In all this I am not saying that there is an either/or, but I am saying that there needs to be care in assessing and acting out our priorities.
One of my experiences of leadership in a church is that you very often act as a lightning conductor. I am not commenting here upon whether or not that is a good or bad thing. Rather, I am making the observation that people very often want to get something off their chest and they view you, as a church elder as a safe, even appropriate place where they can do it.
Sometimes when people have dumped stuff on me I go away thinking there must be a crisis at hand. However, it soon becomes clear that there is nothing of the sort. Rather, they have relieved the puss that has been manufactured in their mulling over an issue. And once the puss is out then they feel so much better and move on.
Another aspect of this is the fact that I can feel that there must be others who are aware of a friction of difficulty in the life of the church, because someone has raised something with me. But it is not so. Rather, the fact that someone can give me a tough time has meant that they have not spread the matter in church. Thereby it is actually giving an opportunity for the church to flourish.

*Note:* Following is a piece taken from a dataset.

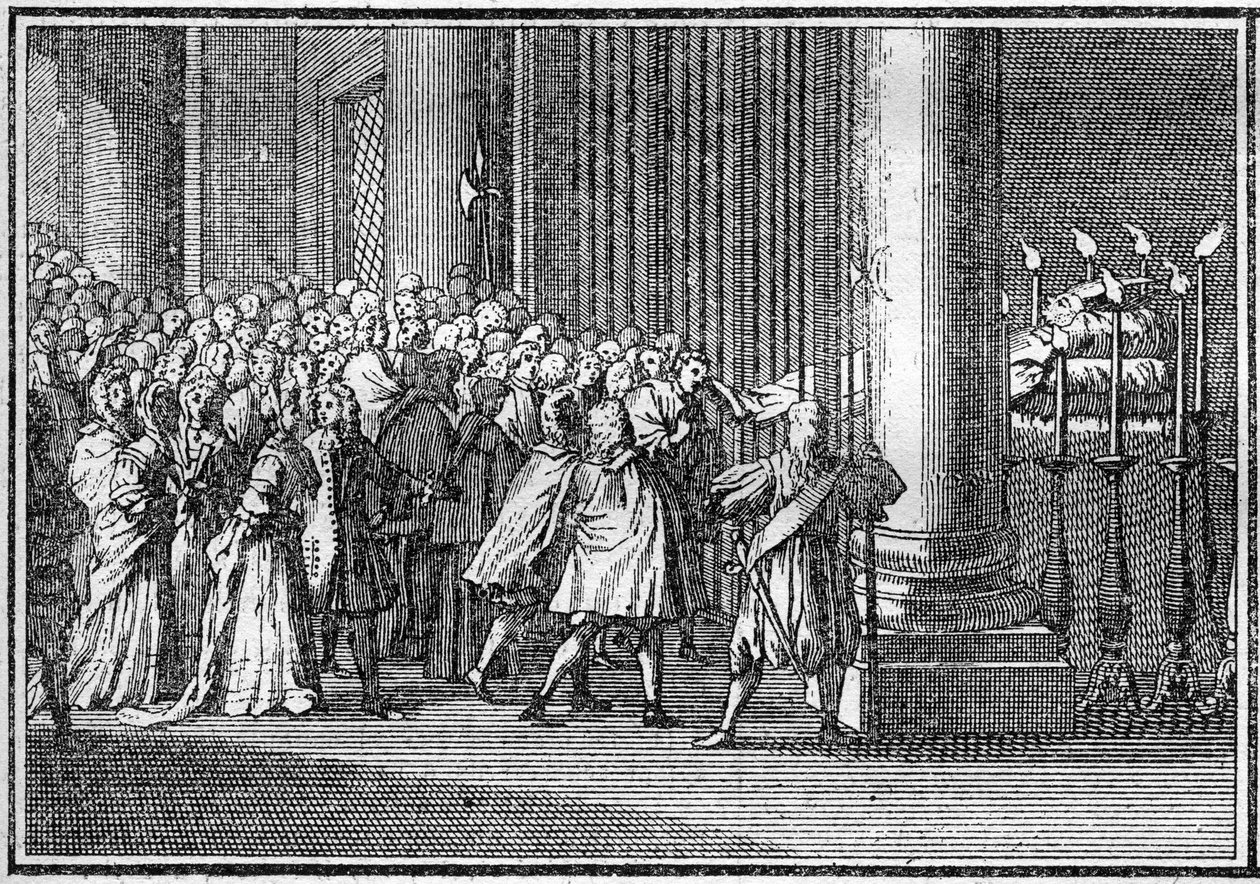 Begravelse af en pave i det 18. århundrede: Pavens krop udstiller tre dage i Peterskirken i Rom. Indgravering i "Histoire des religions"". af French School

Now there are issues here that one has to be aware of:
- Is there a person committing sin in the way they are acting?
- Is there a need for an issue to be persued?
- Is there a need for the person raising an issue to actually go and sort the matter out with someone else?

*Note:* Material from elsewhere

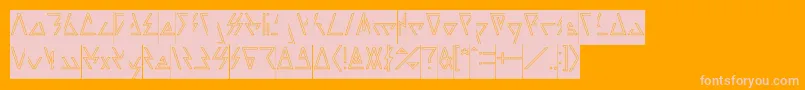 LAGGTASTIC Hollow Inverse-Schriftart – Rosa Schriften auf orangefarbenem Hintergrund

- Are there people treating me as a priest in confession? We should be very wary of this, we do not want to act in such a way for people.
- Are they coming to the right person? They need to go direct to God so very often and not to us.
- Am I becoming proud that people are coming to me? They may be bringing hard stuff, but pride so very easily arises when we think that they are actually coming to us.
In all this though, if my pain from being a lightning conductor means that the church is blessed then all is well and good.
When a difficulty arises in our lives what is our first reaction. I am suggesting here how the first thing to do should always be to go the source of the problem. I was faced recently with someone making an observation about my view on a subject which they had received from someone else. I nearly went to the someone else to seek to clarify what they thought my view was. But I stopped and thought that the source of the matter arsing was the person who had sent the email. Accordingly, I went to them and spoke about what my view was. Happily a quick conversation resolved the matter and there was no confusion between us all.
I was left thinking, though that if I had gone and spoken to the third party it could have provoked an unnecessary difficulty. Of course it could have transpired that my conversation with the person who sent the email necessitated going to the other person. But first of all we must go to the source.
It is easy when we hear of something to start speaking to other people and asking their view. But this can very often lead to all kinds of misunderstanding and false accusations. If only as a first-off people went to the source of the issue.
It is interesting that the Lord Jesus when He was speaking about resolving issues said that ‘If your brother or sistersins, go and point out their fault, just between the two of you. If they listen to you, you have won them over (Matt.18:15). This refers to specifically to the situation when someone sins against you. But it surely establishes a principle that in any issue we go to the source of the problem.